Severne Bottles (Cat 250. oil on canvas. 22″x24″)
It has taken me a long time to work out how specifically I seek out modular forms. I’ve known that I like repeating similar objects in the same composition but it is only recently that I have noticed how many of my still lives are made up of these modular forms be they bottles or Playmobil figures, Bison or Fir Trees.
Five Green Bottles. Painting Stolen in France. (oil on canvas. Cat 155. 27″ x 22″)
Involving repeated modular forms in a composition is a nice way to study distortion.
My drawings are about precision, I try to pin down the distortion as shapes edge away from the centre; as vertical lines rise and fall from the centre of the composition they bend inwards and a similar thing happens along the horizontal axis (so the shelf appears narrower to the right and left of the centre).
(Photograph of subject for Berlin Beer Bottles)

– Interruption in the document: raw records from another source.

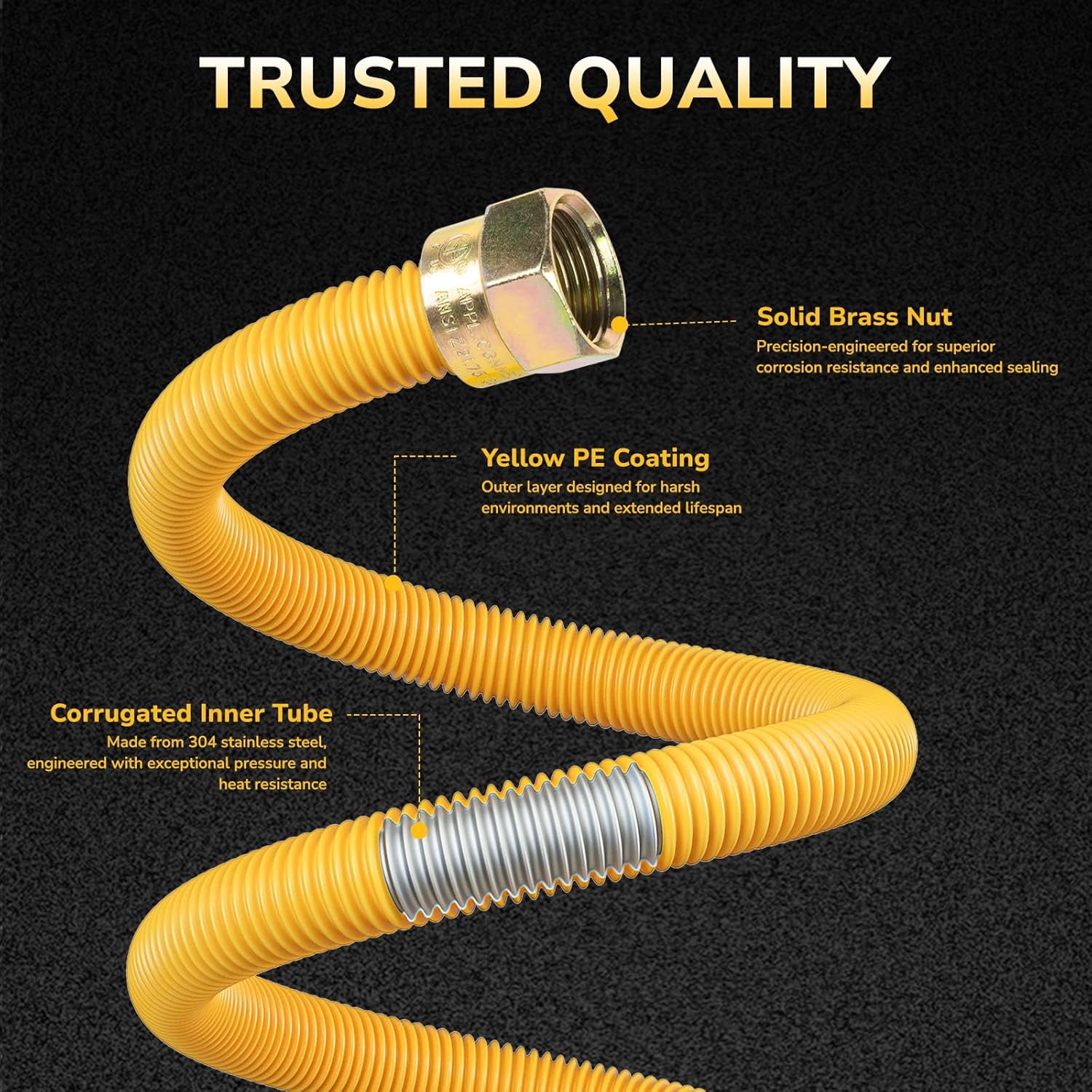 72" Gas Line Hose for Dryer, Gas Stoves, Water Heater, 1/2" OD Stainless Steel Gas Corrugated Dryer Gas Connector kit with 1/2" FIP & 1/2" MIP Fittings, Flexible Dryer Gas Supply line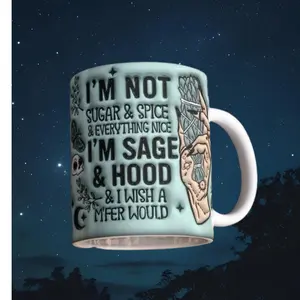 3D I'm Not Sugar and Spice I'm Sage Mug 11oz & 15oz, 3D Puffy Peace Funny Witch Mug, Sarcastic Witch Cup, Puff Witchy Stuff Mug, Coffee Lover Gift, Halloween mug, Spooky season Cup, Skull cup - wic10145 Ceramic Drinkware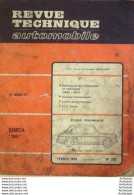 Revue Technique Automobile Simca 1100 1200S   N°262 - Auto/Moto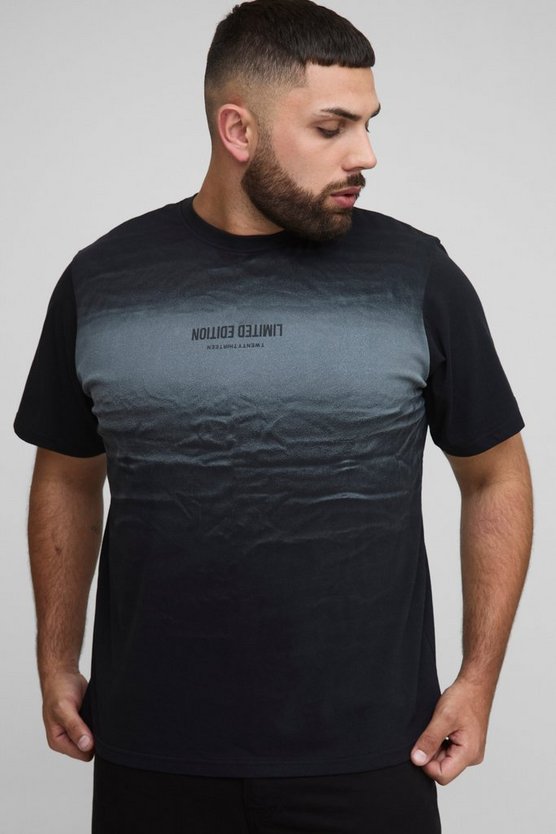 Plus Limited Edition Print Spay Wash Regular Fit T-Shirt
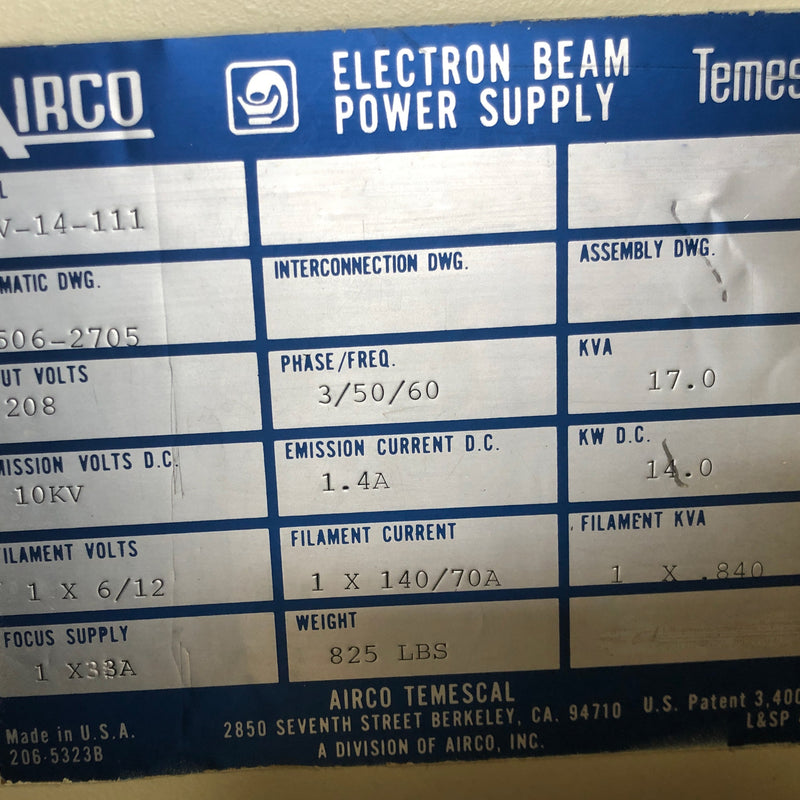 Ferrotec / Temescal CV 14 111 E-Beam Power Supply
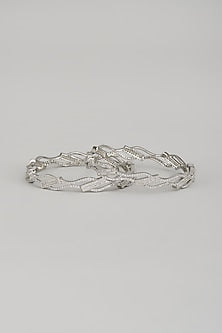 White Finish Zircon Bangles (Set Of 2)
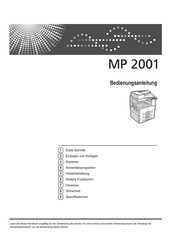 Ricoh MP 2001 Bedienungsanleitung
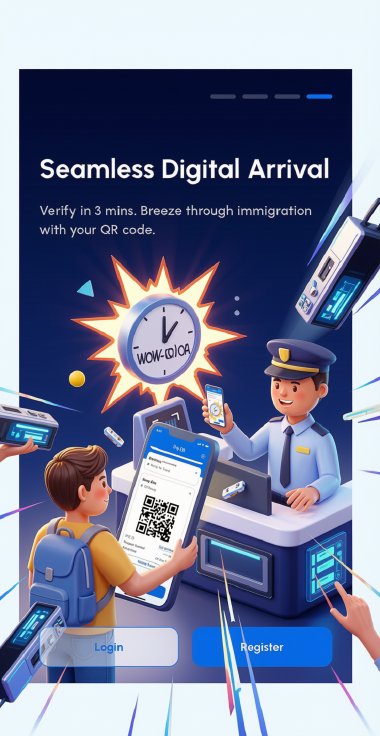 หน้าจอแอป THIM: การเดินทางเข้าแบบดิจิทัลพร้อม QR code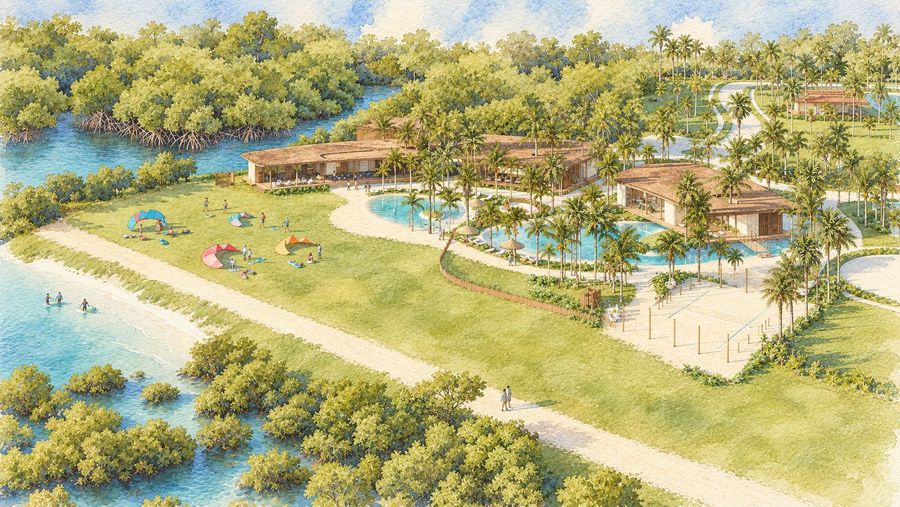 Aquarela aérea do Beach Club com piscina, gramado, mangue e o mar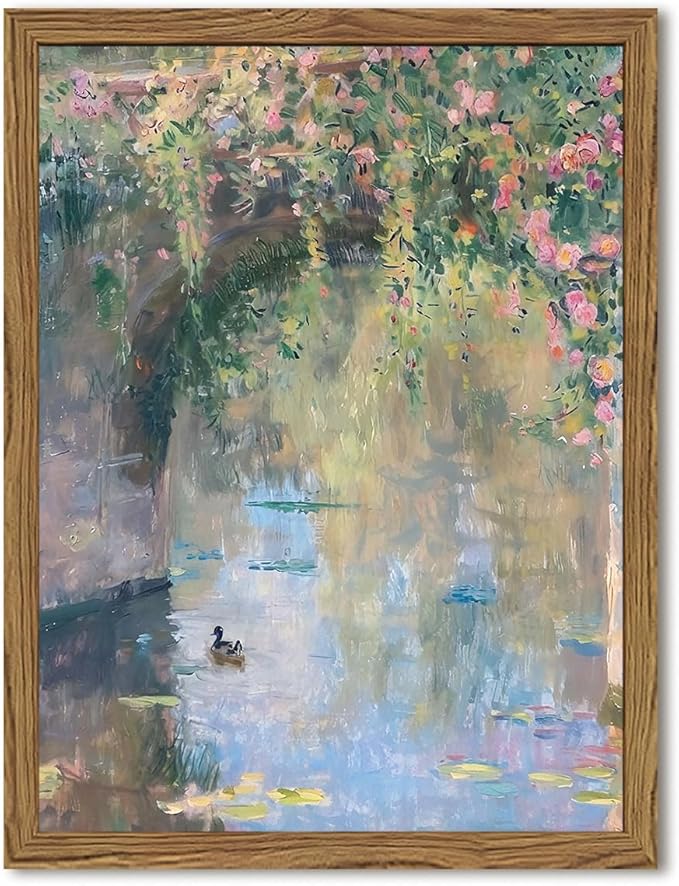 Framed Vintage Monet Canvas Wall Art, Floral Landscape Wall Decor Paintings by Unknown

Even when I’m not drawing a row of the same object I look for geometric shape, circles and rectangles. Getting ellipses dead right is vital; the specific shapes of the base or the rims of cups and bowls and the tops and bottoms of labels on wine bottles all provide clues to their positions and their relation to one and other.
(My growing herd of Playmobil Bison)
I’ve been collecting these toy Bison for a large canvas, a herd of Bison moving across the plain, and the Fir Trees for a Playmobil Forest, only a small one so far, a wood or perhaps a thicket.